- [Your task]:
How many lines in the records below contain the word "Compression"? Answer with the number alone.

- [Exercise data]:
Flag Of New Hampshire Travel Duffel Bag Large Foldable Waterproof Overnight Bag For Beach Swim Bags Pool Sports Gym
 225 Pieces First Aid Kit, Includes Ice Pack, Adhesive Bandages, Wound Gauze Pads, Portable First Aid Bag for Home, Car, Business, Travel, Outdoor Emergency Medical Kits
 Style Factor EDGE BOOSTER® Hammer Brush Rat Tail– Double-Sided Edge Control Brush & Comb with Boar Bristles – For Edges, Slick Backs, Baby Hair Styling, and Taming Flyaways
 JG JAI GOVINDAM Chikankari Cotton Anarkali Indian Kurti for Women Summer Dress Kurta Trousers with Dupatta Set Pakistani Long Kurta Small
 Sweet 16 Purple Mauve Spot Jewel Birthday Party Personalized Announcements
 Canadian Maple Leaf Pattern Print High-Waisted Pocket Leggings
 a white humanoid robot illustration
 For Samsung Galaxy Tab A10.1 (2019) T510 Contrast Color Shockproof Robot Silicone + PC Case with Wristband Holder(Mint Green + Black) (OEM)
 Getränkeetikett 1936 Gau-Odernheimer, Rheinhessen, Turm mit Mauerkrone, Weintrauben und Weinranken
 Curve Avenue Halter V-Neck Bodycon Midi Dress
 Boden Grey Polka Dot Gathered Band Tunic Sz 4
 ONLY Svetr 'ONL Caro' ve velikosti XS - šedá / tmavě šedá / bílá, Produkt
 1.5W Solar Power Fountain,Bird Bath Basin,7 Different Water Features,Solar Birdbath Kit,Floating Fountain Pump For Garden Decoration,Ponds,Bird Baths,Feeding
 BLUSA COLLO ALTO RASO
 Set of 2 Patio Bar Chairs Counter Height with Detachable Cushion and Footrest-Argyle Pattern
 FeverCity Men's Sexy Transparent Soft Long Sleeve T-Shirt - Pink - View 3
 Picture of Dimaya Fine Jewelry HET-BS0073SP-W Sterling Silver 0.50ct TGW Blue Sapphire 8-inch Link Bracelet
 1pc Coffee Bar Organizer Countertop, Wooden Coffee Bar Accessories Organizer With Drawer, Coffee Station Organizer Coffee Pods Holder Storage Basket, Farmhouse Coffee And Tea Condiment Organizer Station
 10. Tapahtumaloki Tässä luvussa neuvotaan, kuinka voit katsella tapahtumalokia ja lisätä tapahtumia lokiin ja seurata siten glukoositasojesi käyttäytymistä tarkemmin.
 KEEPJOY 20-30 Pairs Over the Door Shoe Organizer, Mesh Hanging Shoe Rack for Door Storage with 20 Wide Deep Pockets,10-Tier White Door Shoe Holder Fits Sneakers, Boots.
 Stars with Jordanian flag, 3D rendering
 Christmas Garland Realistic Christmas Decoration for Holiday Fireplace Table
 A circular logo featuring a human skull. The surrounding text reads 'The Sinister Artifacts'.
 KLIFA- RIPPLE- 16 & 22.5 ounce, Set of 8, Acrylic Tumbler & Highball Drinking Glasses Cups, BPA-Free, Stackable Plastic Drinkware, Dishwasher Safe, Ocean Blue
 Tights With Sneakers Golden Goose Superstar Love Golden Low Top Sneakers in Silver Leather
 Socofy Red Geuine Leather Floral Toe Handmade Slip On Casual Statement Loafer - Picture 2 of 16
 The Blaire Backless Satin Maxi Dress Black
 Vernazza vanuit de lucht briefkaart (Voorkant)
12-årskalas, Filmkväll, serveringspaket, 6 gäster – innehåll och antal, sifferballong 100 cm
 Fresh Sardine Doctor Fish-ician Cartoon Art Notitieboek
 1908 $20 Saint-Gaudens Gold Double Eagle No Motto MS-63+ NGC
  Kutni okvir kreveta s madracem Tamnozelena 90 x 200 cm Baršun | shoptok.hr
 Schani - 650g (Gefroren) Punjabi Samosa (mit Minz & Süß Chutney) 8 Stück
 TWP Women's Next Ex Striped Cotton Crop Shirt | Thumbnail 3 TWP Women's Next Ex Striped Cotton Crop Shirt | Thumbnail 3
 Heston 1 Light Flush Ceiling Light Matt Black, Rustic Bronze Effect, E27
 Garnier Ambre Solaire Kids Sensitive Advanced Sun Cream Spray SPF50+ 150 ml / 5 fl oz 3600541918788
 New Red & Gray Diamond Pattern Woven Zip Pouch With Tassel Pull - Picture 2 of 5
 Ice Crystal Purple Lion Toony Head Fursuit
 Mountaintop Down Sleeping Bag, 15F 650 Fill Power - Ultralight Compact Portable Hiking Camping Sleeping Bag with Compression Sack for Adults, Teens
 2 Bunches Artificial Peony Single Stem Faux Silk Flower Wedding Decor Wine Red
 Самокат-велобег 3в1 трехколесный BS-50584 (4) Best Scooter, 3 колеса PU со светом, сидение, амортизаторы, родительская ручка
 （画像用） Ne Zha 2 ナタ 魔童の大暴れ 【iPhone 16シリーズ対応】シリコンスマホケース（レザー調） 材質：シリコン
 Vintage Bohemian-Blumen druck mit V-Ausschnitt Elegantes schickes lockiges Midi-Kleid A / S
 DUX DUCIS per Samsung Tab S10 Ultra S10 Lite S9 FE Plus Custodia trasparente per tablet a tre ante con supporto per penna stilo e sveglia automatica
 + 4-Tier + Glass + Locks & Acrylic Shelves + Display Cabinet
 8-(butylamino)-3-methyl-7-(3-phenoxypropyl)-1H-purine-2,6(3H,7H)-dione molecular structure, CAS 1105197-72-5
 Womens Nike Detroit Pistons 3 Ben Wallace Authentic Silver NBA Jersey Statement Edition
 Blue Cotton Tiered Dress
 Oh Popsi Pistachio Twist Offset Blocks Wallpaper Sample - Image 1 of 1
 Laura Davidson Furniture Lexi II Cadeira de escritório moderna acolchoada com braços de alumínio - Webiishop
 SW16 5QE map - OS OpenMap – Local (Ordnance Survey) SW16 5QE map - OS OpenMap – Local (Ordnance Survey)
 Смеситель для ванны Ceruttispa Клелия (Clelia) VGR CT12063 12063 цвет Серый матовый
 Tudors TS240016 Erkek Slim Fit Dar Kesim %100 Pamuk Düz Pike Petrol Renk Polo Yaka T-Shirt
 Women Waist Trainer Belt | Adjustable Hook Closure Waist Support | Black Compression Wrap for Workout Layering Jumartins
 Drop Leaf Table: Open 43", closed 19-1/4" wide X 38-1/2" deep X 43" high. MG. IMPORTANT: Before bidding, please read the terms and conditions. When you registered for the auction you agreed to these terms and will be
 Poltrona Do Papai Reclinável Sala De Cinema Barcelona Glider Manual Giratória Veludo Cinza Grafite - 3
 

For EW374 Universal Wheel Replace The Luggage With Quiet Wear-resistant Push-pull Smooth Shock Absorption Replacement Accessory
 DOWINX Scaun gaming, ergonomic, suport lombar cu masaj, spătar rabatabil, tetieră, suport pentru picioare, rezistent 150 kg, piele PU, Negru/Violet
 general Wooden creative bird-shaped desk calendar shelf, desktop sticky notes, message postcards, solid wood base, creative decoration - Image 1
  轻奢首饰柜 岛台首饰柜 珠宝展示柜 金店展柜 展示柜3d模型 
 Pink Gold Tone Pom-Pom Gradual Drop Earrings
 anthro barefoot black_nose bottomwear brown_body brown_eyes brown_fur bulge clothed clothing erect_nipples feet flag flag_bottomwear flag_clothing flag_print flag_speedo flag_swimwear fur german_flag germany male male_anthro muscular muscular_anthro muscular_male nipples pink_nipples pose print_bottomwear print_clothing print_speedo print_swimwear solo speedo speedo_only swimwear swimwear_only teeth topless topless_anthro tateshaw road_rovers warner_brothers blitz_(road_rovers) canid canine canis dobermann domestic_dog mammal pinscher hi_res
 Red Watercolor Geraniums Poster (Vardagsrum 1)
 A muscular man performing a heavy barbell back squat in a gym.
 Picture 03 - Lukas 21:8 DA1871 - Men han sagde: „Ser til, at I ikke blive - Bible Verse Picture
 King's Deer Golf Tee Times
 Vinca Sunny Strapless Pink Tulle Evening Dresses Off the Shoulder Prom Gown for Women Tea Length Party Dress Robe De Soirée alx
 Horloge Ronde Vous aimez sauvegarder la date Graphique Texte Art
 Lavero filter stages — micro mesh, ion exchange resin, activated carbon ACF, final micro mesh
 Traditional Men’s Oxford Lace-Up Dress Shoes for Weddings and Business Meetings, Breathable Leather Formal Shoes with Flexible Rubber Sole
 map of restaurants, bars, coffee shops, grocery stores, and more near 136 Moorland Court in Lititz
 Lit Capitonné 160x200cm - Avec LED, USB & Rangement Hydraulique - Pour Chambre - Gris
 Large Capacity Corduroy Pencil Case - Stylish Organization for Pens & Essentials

- [Task response]:
2